*WHAT YOU SHOULD DO*. Your task is to retype all of the records below with complete accuracy.

Records from a dataset:

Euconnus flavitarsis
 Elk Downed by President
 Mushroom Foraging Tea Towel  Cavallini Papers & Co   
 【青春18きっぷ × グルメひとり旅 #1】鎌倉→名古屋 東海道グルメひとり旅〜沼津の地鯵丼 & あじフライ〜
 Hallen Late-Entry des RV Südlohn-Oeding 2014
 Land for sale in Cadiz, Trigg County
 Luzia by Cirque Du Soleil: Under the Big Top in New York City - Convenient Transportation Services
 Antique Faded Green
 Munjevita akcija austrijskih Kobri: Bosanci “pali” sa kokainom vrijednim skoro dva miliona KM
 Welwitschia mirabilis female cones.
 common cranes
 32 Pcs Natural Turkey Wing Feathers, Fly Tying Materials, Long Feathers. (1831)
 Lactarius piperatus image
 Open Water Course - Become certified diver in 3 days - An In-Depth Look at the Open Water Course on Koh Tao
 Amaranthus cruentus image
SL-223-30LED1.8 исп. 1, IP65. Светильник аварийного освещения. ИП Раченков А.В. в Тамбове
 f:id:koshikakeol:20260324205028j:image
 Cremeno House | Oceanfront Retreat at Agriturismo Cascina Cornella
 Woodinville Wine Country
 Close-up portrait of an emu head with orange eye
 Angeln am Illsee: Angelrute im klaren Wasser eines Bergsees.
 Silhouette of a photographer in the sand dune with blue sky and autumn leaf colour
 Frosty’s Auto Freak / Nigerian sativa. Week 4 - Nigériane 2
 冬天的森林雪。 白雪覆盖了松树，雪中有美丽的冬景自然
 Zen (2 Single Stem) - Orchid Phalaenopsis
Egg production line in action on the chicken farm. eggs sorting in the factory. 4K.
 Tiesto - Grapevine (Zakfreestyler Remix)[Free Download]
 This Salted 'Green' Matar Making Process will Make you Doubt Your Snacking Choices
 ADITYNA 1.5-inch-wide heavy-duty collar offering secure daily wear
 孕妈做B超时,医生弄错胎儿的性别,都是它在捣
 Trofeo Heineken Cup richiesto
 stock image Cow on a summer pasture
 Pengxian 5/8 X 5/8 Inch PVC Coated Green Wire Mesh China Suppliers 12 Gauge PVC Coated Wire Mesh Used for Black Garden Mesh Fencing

*SOLUTION TO THE EXERCISE*.
Euconnus flavitarsis
 Elk Downed by President
 Mushroom Foraging Tea Towel  Cavallini Papers & Co   
 【青春18きっぷ × グルメひとり旅 #1】鎌倉→名古屋 東海道グルメひとり旅〜沼津の地鯵丼 & あじフライ〜
 Hallen Late-Entry des RV Südlohn-Oeding 2014
 Land for sale in Cadiz, Trigg County
 Luzia by Cirque Du Soleil: Under the Big Top in New York City - Convenient Transportation Services
 Antique Faded Green
 Munjevita akcija austrijskih Kobri: Bosanci “pali” sa kokainom vrijednim skoro dva miliona KM
 Welwitschia mirabilis female cones.
 common cranes
 32 Pcs Natural Turkey Wing Feathers, Fly Tying Materials, Long Feathers. (1831)
 Lactarius piperatus image
 Open Water Course - Become certified diver in 3 days - An In-Depth Look at the Open Water Course on Koh Tao
 Amaranthus cruentus image
SL-223-30LED1.8 исп. 1, IP65. Светильник аварийного освещения. ИП Раченков А.В. в Тамбове
 f:id:koshikakeol:20260324205028j:image
 Cremeno House | Oceanfront Retreat at Agriturismo Cascina Cornella
 Woodinville Wine Country
 Close-up portrait of an emu head with orange eye
 Angeln am Illsee: Angelrute im klaren Wasser eines Bergsees.
 Silhouette of a photographer in the sand dune with blue sky and autumn leaf colour
 Frosty’s Auto Freak / Nigerian sativa. Week 4 - Nigériane 2
 冬天的森林雪。 白雪覆盖了松树，雪中有美丽的冬景自然
 Zen (2 Single Stem) - Orchid Phalaenopsis
Egg production line in action on the chicken farm. eggs sorting in the factory. 4K.
 Tiesto - Grapevine (Zakfreestyler Remix)[Free Download]
 This Salted 'Green' Matar Making Process will Make you Doubt Your Snacking Choices
 ADITYNA 1.5-inch-wide heavy-duty collar offering secure daily wear
 孕妈做B超时,医生弄错胎儿的性别,都是它在捣
 Trofeo Heineken Cup richiesto
 stock image Cow on a summer pasture
 Pengxian 5/8 X 5/8 Inch PVC Coated Green Wire Mesh China Suppliers 12 Gauge PVC Coated Wire Mesh Used for Black Garden Mesh Fencing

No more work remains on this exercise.